The Office of the Special Envoy of the Secretary-General for Yemen is a Special Envoy of the Secretary-General first appointed in 2012 to assist the Secretary-General for Yemen.

==List of envoys==

Jamal Benomar: The first Special Envoy to Yemen was Jamal Benomar who began representing the Secretary General in Yemen during the summer of 2011 but was only formally appointed as a Special Envoy on 1 August 2012. Benomar is from Morocco. Benomar was credited with helping Yemen avert civil war in 2011 and for helping organise the National Dialogue Conference. By the end of 2014 and the start of 2015, a full blown conflict had started in Yemen, which Benomar tried to mediate. Benomar resigned in April 2015 after failing to prevent the conflict.

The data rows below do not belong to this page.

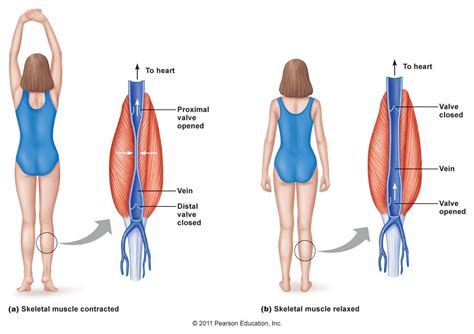 How Veins Help Muscle Contracts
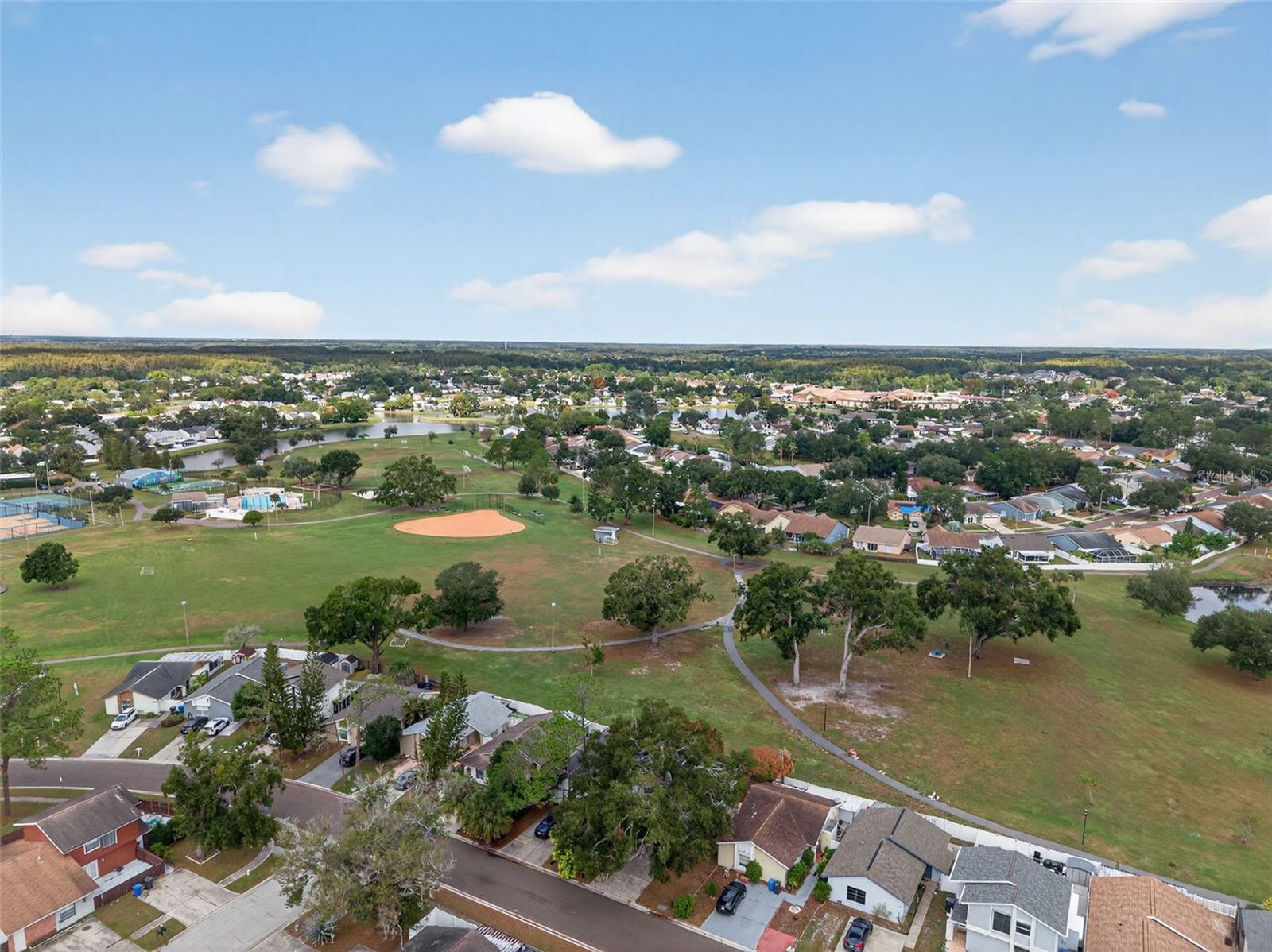 ROSEMOUNT VILLAGE UNIT IV REPL - Residential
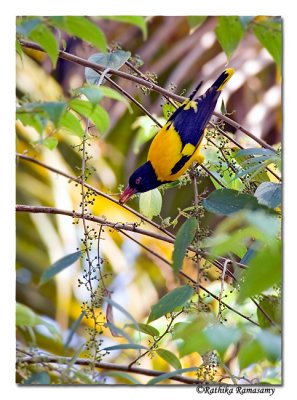 Black-headed Oriole-9230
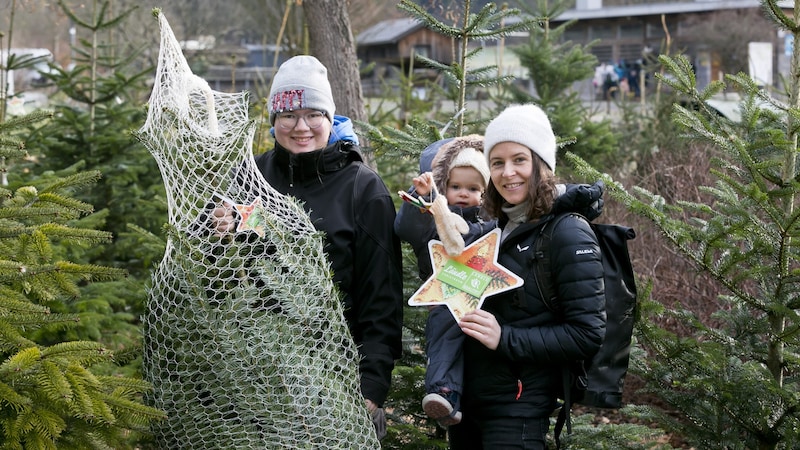 Preferably organic and regional: you can't go wrong with Christmas trees from Vorarlberg. (Bild: Mathis Fotografie)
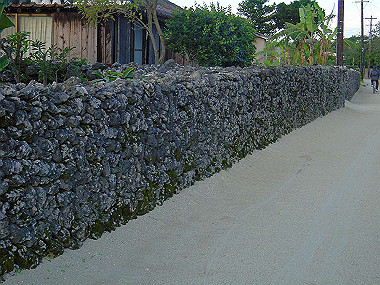 20041228_t060_thumb.jpg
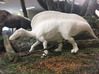 Ouranosaurus (Medium/Large size) 3d printed 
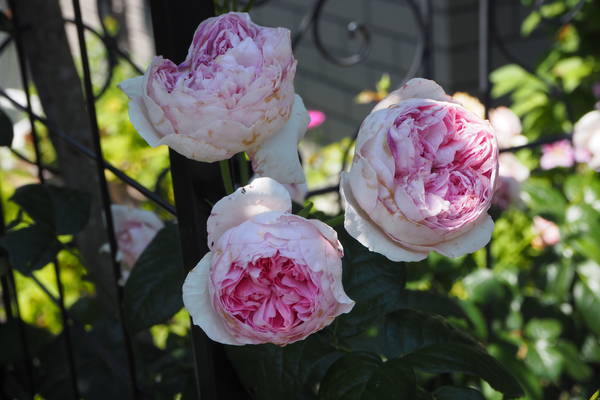 f:id:midorineko_cutter_mat:20210531133455j:plain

Ismail Ould Cheikh Ahmed: On 25 April 2015, Ismail Ould Cheikh Ahmed was appointed Special Envoy to Yemen. Ahmed is from Mauritania. Ahmed studied economics at Maastricht University and Montpellier University and also studied human resources at Manchester University. Between 2008 and 2012, Ahmed was a UN resident humanitarian and development co-ordinator in Syria. From 2012 to 2014, he occupied the same position in Yemen. In June 2017, the Houthis accused Mr. Ahmed of having abandoned his neutrality and warned him never to come to Yemen again. Ahmed left his post on 22 January 2018. In June 2018, he was appointed Minister of Foreign Affairs in Mauritania.

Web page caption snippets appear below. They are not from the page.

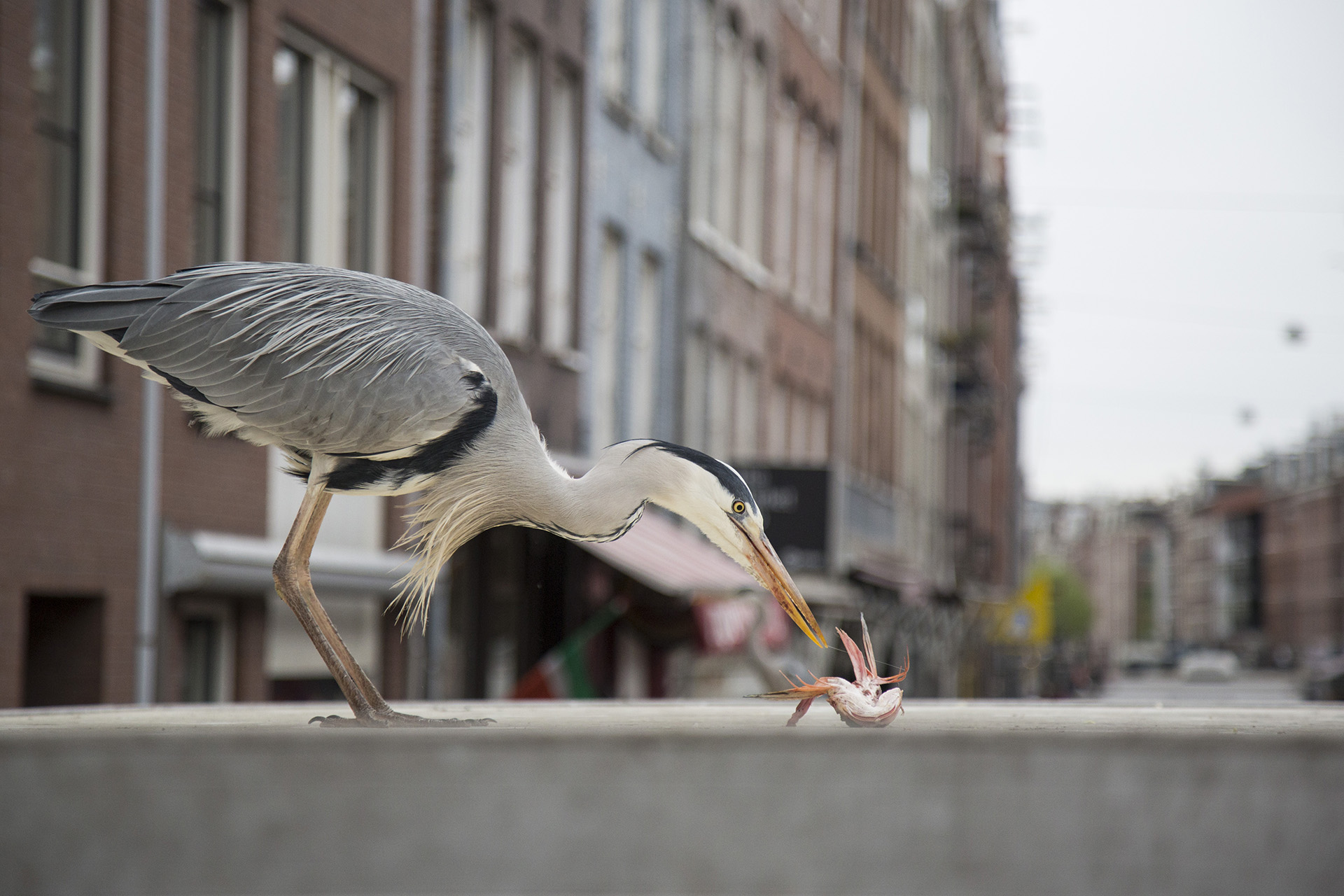 2019_GroeneCamera_Inzending_PF08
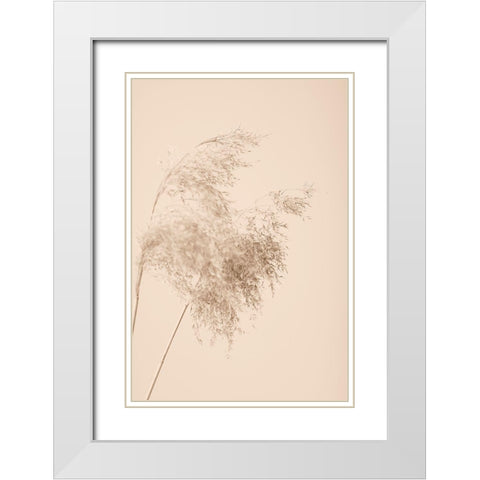 Reed Grass Beige 04 White Modern Wood Framed Art Print with Double Matting by 1x Studio III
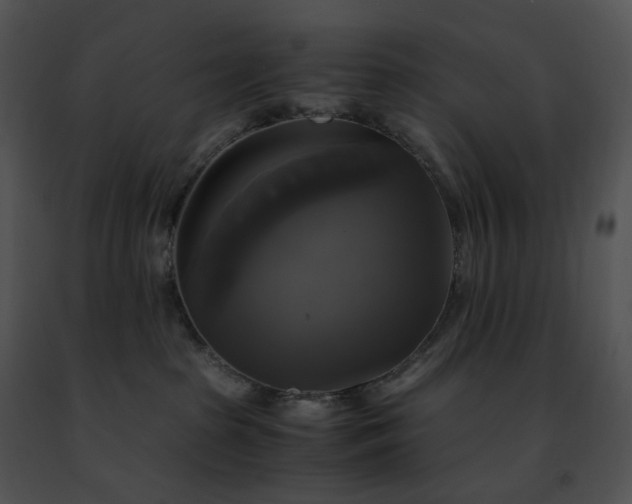 X0000091480285200708301921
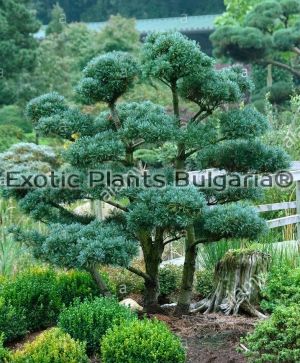 Pinus parviflora "NEGISHI" - 2 ltr.pots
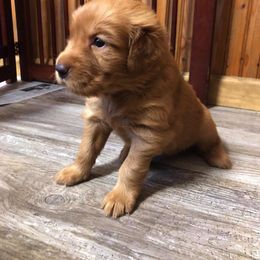 Golden Retriever Puppies from Bella Mia Goldens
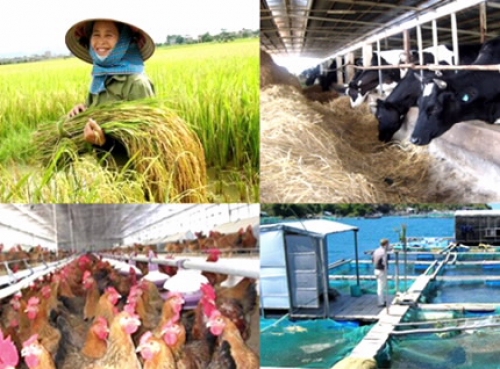Các biện pháp hỗ trợ TCTD cho vay phát triển nông nghiệp, nông thôn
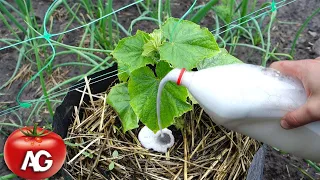 IF CUCUMBERS DO NOT GROW I FEED THEM WITH THIS VITAMIN BOMB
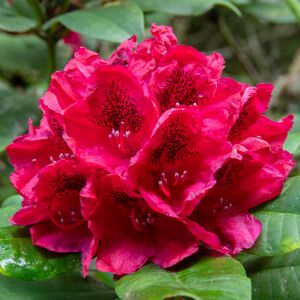 Gardeners Dream Rhododendron Lord Roberts Evergreen Outdoor Garden Shrub Red Flowering Pot Plant Gardeners Dream Rhododendron Lord Roberts Evergreen Outdoor Garden Shrub Red Flowering Pot Plant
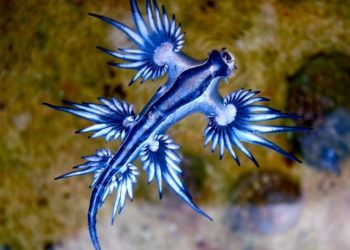 Blue Dragon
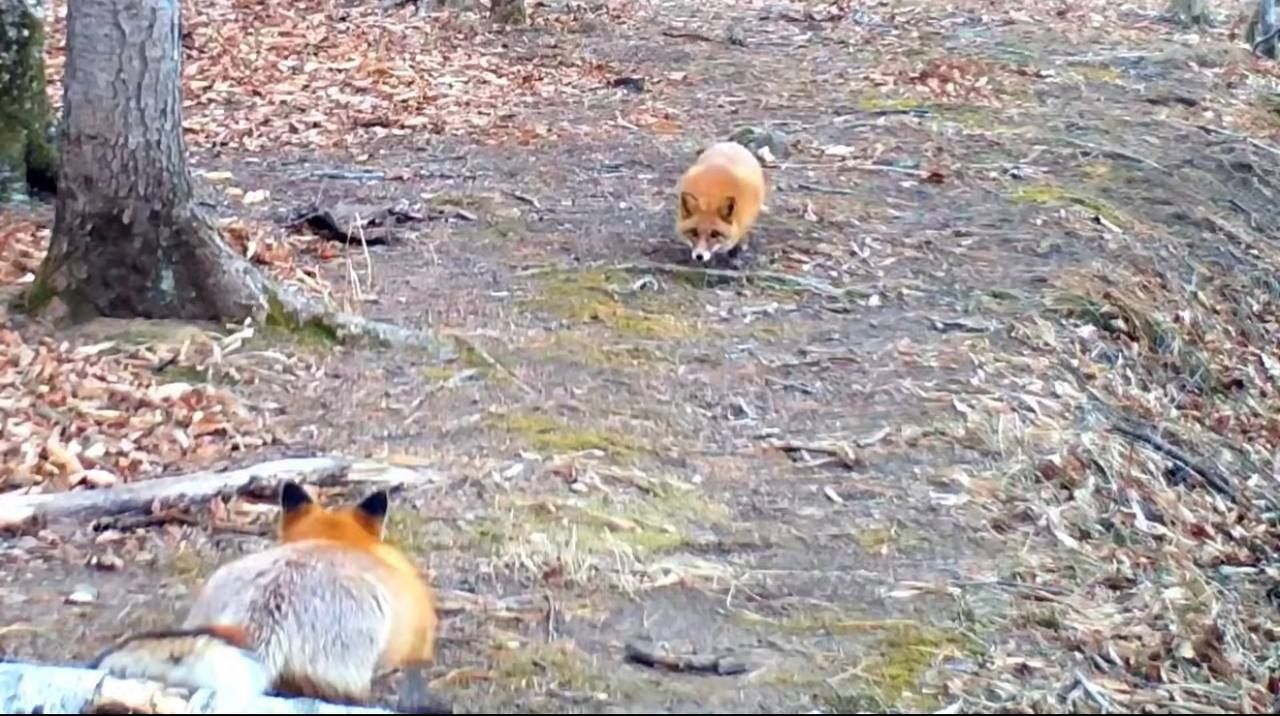 Фотоловушка засняла игры лисиц в&nbsp;нацпарке Дальнего Востока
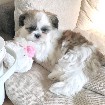 Gorgeous Shih-tzu Puppies!!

Martin Griffiths: On 16 February 2018, Martin Griffiths was appointed Special Envoy to Yemen. Griffiths is British and is a career diplomat. Griffiths previously served as the first executive director of the European Institute of Peace from 2016 to September 2018. In 1999, he helped launch the Centre for Humanitarian Dialogue in Geneva. On 12 May 2021, United Nations Secretary-General António Guterres announced that he had appointed Griffiths as Under-Secretary-General for Humanitarian Affairs and Emergency Relief Coordinator, Office for the Coordination of Humanitarian Affairs (OCHA).

Hans Grundberg: On 6 August 2021, Hans Grundberg was appointment by António Guterres as his Special Envoy for Yemen. Grundberg who is from Sweden has served as ambassador of the European Union to Yemen since 2019.